Our analysis clearly shows that, despite the similarity in genre, there is a difference in register between wine tasting notes in English and Spanish.
Despite our having followed the same or similar criteria in English and Spanish during the process of compiling our abstracts and wine tasting notes comparable corpora, it is clear that the results are not the same. In the case of abstracts, the Spanish and English texts resemble each other in more ways than not:
They closely follow the order of the rhetorical structure.

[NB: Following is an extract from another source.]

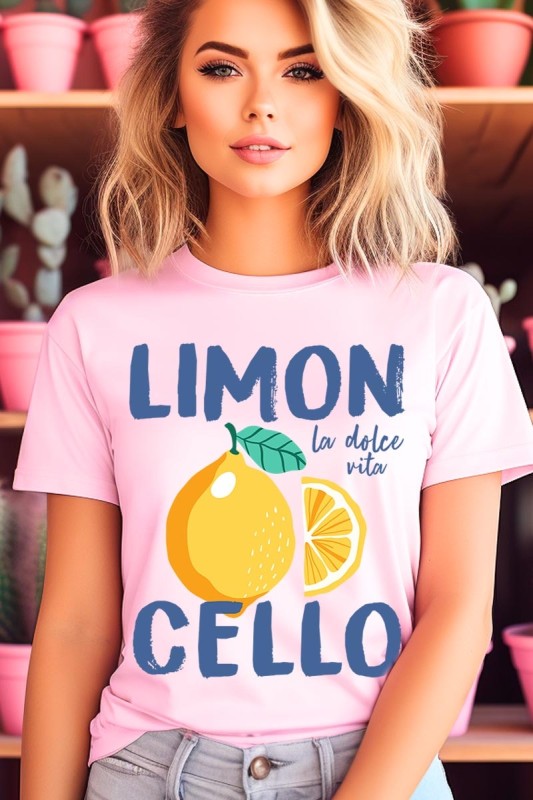 Model in a soft pink ‘LIMONCELLO’ graphic tee with bold blue lettering, a sunny lemon illustration, and ‘la dolce vita’ script. Styled with light-wash denim against a pink-accented, plant-filled background for a fresh, Mediterranean-inspired summer vibe.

The rhetorical structure is marked by headings.
The language is neutral to formal and the tone is objective.
All things considered, one can claim that the genre of abstracts, which is similar in English and Spanish, shows little linguistic variation in the two language corpora, having similar register features.
In the case of wine tasting notes, however, the Spanish and English texts differ in several respects:
The Spanish texts follow the order of the rhetorical structure more closely than do the English texts.
The Spanish texts mark the rhetorical structure by headings more often than do the English texts.
The language used in Spanish texts is neutral to formal and the tone is generally objective, whereas the language used in English texts is often informal and the tone more subjective.
Overall, there is more variation in the English texts compared to the Spanish texts.
Given that both the Spanish and English tasting notes were taken from wine tasting technical sheets, the differences cannot be explained by the origins of the texts, nor by the writers of these texts, who are all oenologists hired by wineries. One explanation for the differences could be that, while Spanish wine tasting technical sheets, and correspondingly the wine tasting notes they contain, are addressed by experts to other experts, English wine tasting technical sheets, and correspondingly the wine tasting notes they contain, are addressed by experts to a broader audience, which includes the wine drinking public. That could explain why the way information is presented and distributed varies in Spanish and English. Another possible explanation could be that the register of wine tasting notes in English is more general than the register of such notes in Spanish. Biber and Conrad (2009: 32-33) point out that registers can be more or less specialized and that general registers will have more variability than more specific registers. Indeed, the English wine tasting notes seem to have subregisters, which are not as apparent in the Spanish wine tasting notes. For example, some of the English texts use informal language and a subjective tone, but not all of them. But the ultimate reason for the differences between the English and Spanish wine tasting corpora seems to be that wine is a cultural phenomenon, as Coutier (1994: 662) pointed out: “Since the fifties the great interest in wine, a beverage with highly symbolic implications, has become a cultural phenomenon which is part of current social and dietary behaviours.” The cultural dimension of wine shows in the different languages and reflects a given linguistic group’s attitude towards wine. One could argue that wine has a long history in countries such as Spain and France, where it is taken very seriously, in contrast to its relatively recent emergence as part of social and dietary behaviours in the English-speaking world. This could account for the differences in register in wine tasting notes in English and Spanish.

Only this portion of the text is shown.